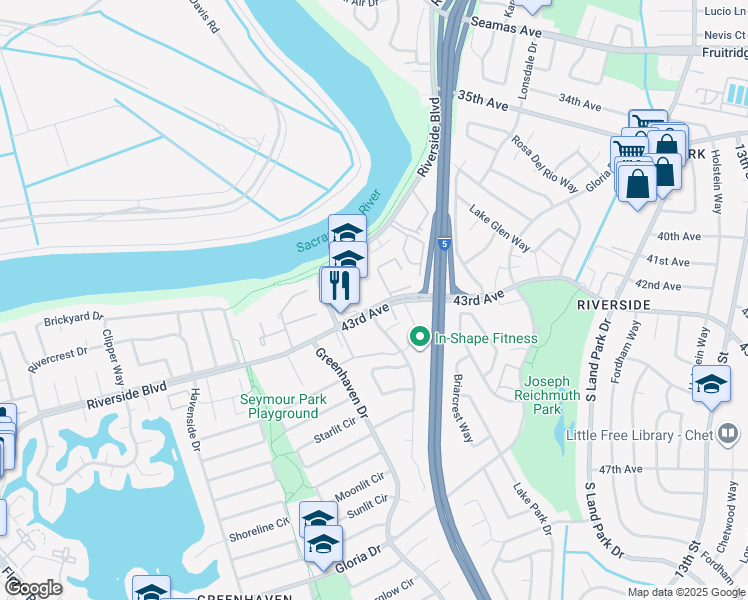map of restaurants, bars, coffee shops, grocery stores, and more near 920 43rd Avenue in Sacramento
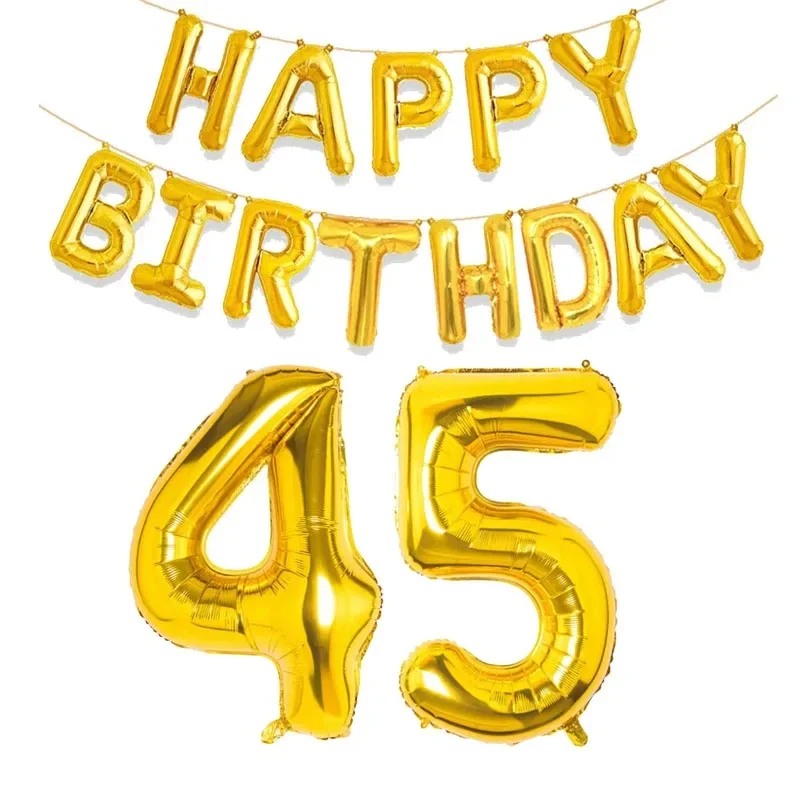15 Stück Goldene Happy Birthday 30-Zoll Zahlen-Folienballons Kinder Erwachsene Partydekoration Junge Mädchen 10 18 20 25 30 35 40 50 60 Jahre Alt – Detail 25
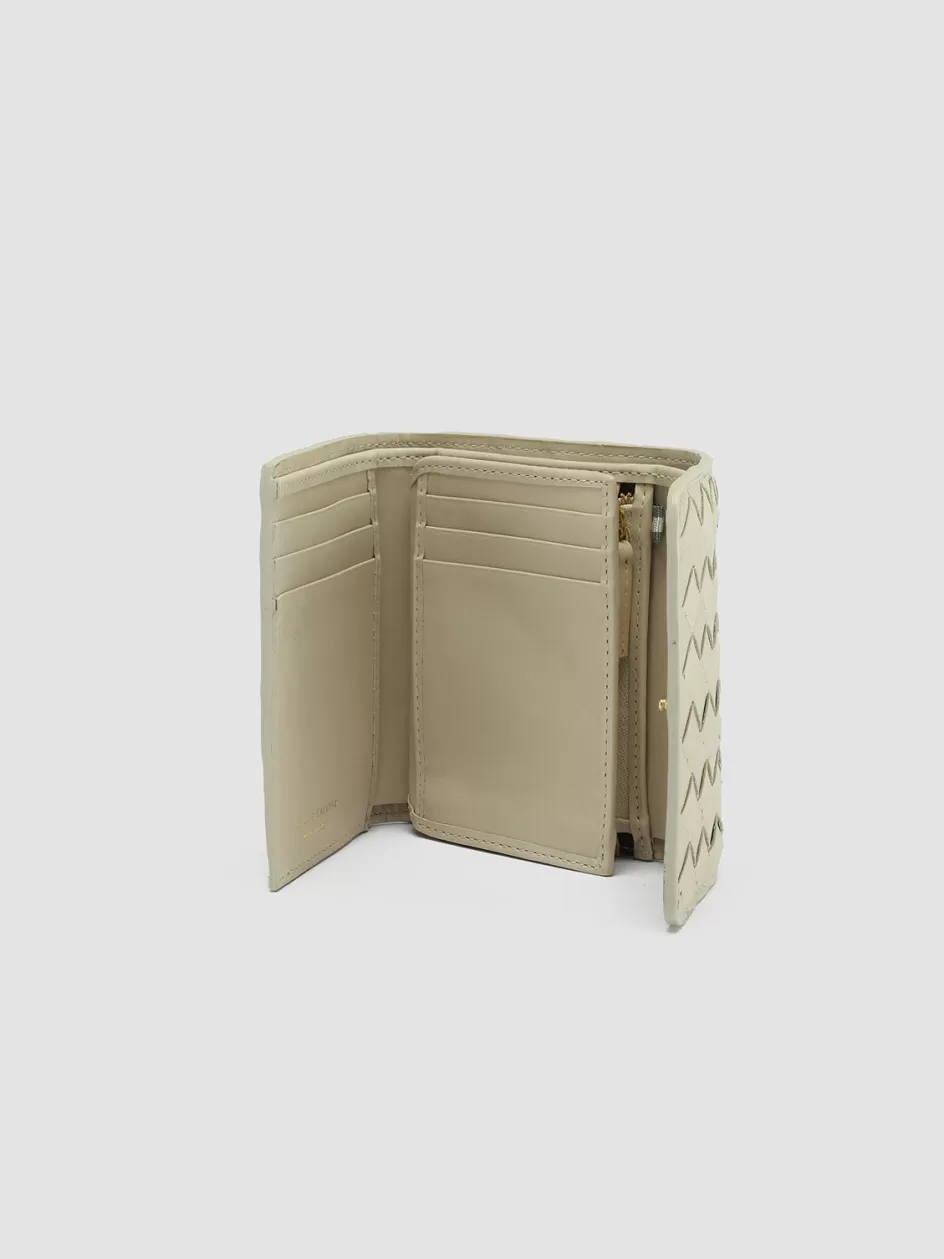 Officine Creative Woven Leather Selection | Wallets>POCHE 110 - Ivory Woven Leather Trifold Wallet OAT MILK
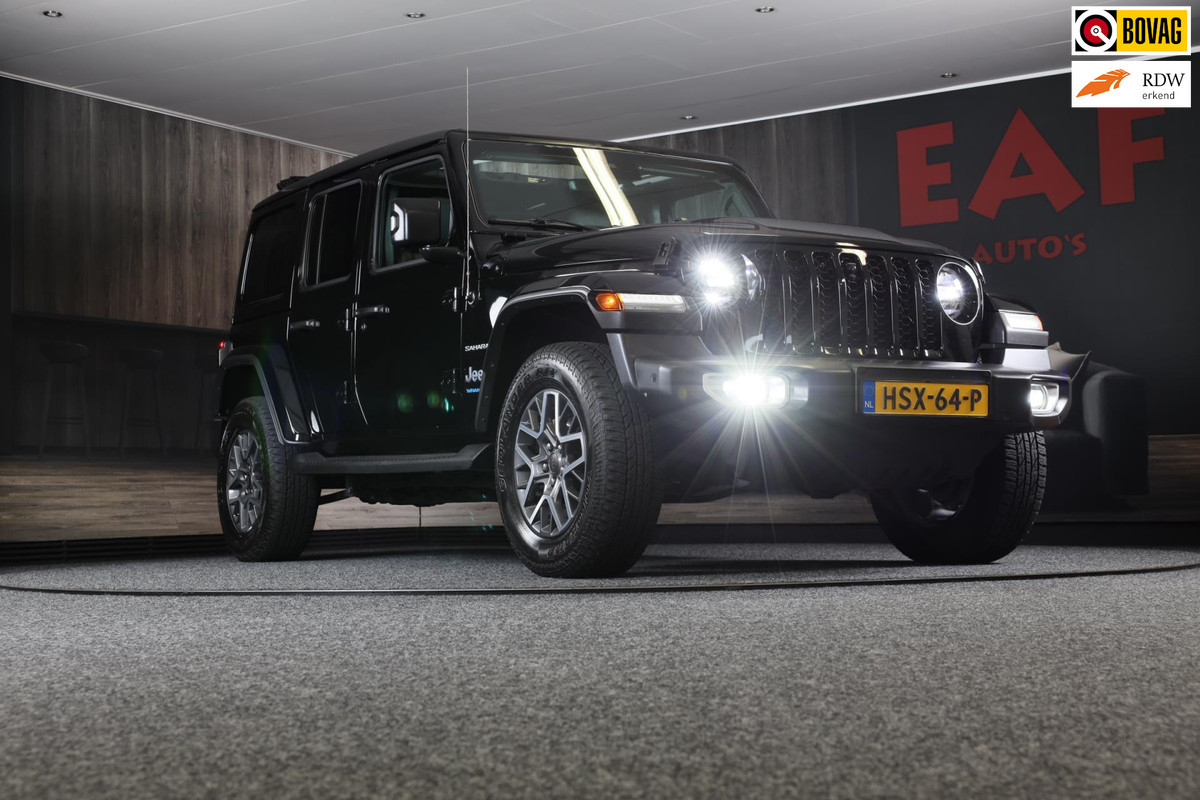 Jeep Wrangler UNLIMITED 4xe 380 Sahara / Sky-One Touch / 360 Camera / Leder / Navi / Ecc / Elek Pakket / Led / Pdc / 18 Inch Jeep Wrangler UNLIMITED 4xe 380 Sahara / Sky-One Touch / 360 Camera / Leder / Navi / Ecc / Elek Pakket / Led / Pdc / 18 Inch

§ **WHAT YOU HAVE TO DO**: The complete material, set down exactly and stripped of pictures, is the expected response.

§ **TASK SOLUTION**:
map of restaurants, bars, coffee shops, grocery stores, and more near 920 43rd Avenue in Sacramento
15 Stück Goldene Happy Birthday 30-Zoll Zahlen-Folienballons Kinder Erwachsene Partydekoration Junge Mädchen 10 18 20 25 30 35 40 50 60 Jahre Alt – Detail 25
 Officine Creative Woven Leather Selection | Wallets>POCHE 110 - Ivory Woven Leather Trifold Wallet OAT MILK
 Jeep Wrangler UNLIMITED 4xe 380 Sahara / Sky-One Touch / 360 Camera / Leder / Navi / Ecc / Elek Pakket / Led / Pdc / 18 Inch Jeep Wrangler UNLIMITED 4xe 380 Sahara / Sky-One Touch / 360 Camera / Leder / Navi / Ecc / Elek Pakket / Led / Pdc / 18 Inch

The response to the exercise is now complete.